Work required -
The required output is every entry, printed exactly as written.

Records for this task -
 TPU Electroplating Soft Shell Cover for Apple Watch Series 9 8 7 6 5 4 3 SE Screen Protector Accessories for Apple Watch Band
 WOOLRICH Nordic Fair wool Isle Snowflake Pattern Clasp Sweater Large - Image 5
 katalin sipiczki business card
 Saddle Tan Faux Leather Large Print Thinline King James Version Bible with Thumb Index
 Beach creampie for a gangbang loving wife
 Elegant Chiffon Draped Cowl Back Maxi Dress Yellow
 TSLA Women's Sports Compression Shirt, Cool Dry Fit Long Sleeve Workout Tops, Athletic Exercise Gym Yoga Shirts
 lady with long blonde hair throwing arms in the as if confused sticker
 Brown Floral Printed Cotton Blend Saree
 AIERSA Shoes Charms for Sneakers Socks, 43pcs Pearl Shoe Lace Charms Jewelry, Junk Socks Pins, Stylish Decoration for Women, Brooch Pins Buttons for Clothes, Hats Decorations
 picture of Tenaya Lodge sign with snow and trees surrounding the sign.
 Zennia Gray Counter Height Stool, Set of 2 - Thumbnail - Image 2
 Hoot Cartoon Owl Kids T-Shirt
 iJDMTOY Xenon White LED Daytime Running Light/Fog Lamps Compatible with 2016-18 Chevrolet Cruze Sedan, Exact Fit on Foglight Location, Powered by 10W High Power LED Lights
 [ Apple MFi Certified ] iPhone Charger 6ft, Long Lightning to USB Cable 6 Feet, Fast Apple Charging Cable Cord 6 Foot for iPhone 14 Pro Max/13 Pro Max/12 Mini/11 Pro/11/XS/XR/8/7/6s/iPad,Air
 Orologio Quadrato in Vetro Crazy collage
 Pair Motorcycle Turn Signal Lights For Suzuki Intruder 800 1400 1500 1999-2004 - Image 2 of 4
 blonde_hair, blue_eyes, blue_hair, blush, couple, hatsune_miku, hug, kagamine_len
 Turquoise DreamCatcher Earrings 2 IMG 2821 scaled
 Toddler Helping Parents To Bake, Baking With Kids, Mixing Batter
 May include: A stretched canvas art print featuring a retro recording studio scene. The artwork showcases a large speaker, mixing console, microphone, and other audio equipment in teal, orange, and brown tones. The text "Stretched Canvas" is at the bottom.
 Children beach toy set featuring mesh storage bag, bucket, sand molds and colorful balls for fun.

Answer for this exercise -
 TPU Electroplating Soft Shell Cover for Apple Watch Series 9 8 7 6 5 4 3 SE Screen Protector Accessories for Apple Watch Band
 WOOLRICH Nordic Fair wool Isle Snowflake Pattern Clasp Sweater Large - Image 5
 katalin sipiczki business card
 Saddle Tan Faux Leather Large Print Thinline King James Version Bible with Thumb Index
 Beach creampie for a gangbang loving wife
 Elegant Chiffon Draped Cowl Back Maxi Dress Yellow
 TSLA Women's Sports Compression Shirt, Cool Dry Fit Long Sleeve Workout Tops, Athletic Exercise Gym Yoga Shirts
 lady with long blonde hair throwing arms in the as if confused sticker
 Brown Floral Printed Cotton Blend Saree
 AIERSA Shoes Charms for Sneakers Socks, 43pcs Pearl Shoe Lace Charms Jewelry, Junk Socks Pins, Stylish Decoration for Women, Brooch Pins Buttons for Clothes, Hats Decorations
 picture of Tenaya Lodge sign with snow and trees surrounding the sign.
 Zennia Gray Counter Height Stool, Set of 2 - Thumbnail - Image 2
 Hoot Cartoon Owl Kids T-Shirt
 iJDMTOY Xenon White LED Daytime Running Light/Fog Lamps Compatible with 2016-18 Chevrolet Cruze Sedan, Exact Fit on Foglight Location, Powered by 10W High Power LED Lights
 [ Apple MFi Certified ] iPhone Charger 6ft, Long Lightning to USB Cable 6 Feet, Fast Apple Charging Cable Cord 6 Foot for iPhone 14 Pro Max/13 Pro Max/12 Mini/11 Pro/11/XS/XR/8/7/6s/iPad,Air
 Orologio Quadrato in Vetro Crazy collage
 Pair Motorcycle Turn Signal Lights For Suzuki Intruder 800 1400 1500 1999-2004 - Image 2 of 4
 blonde_hair, blue_eyes, blue_hair, blush, couple, hatsune_miku, hug, kagamine_len
 Turquoise DreamCatcher Earrings 2 IMG 2821 scaled
 Toddler Helping Parents To Bake, Baking With Kids, Mixing Batter
 May include: A stretched canvas art print featuring a retro recording studio scene. The artwork showcases a large speaker, mixing console, microphone, and other audio equipment in teal, orange, and brown tones. The text "Stretched Canvas" is at the bottom.
 Children beach toy set featuring mesh storage bag, bucket, sand molds and colorful balls for fun.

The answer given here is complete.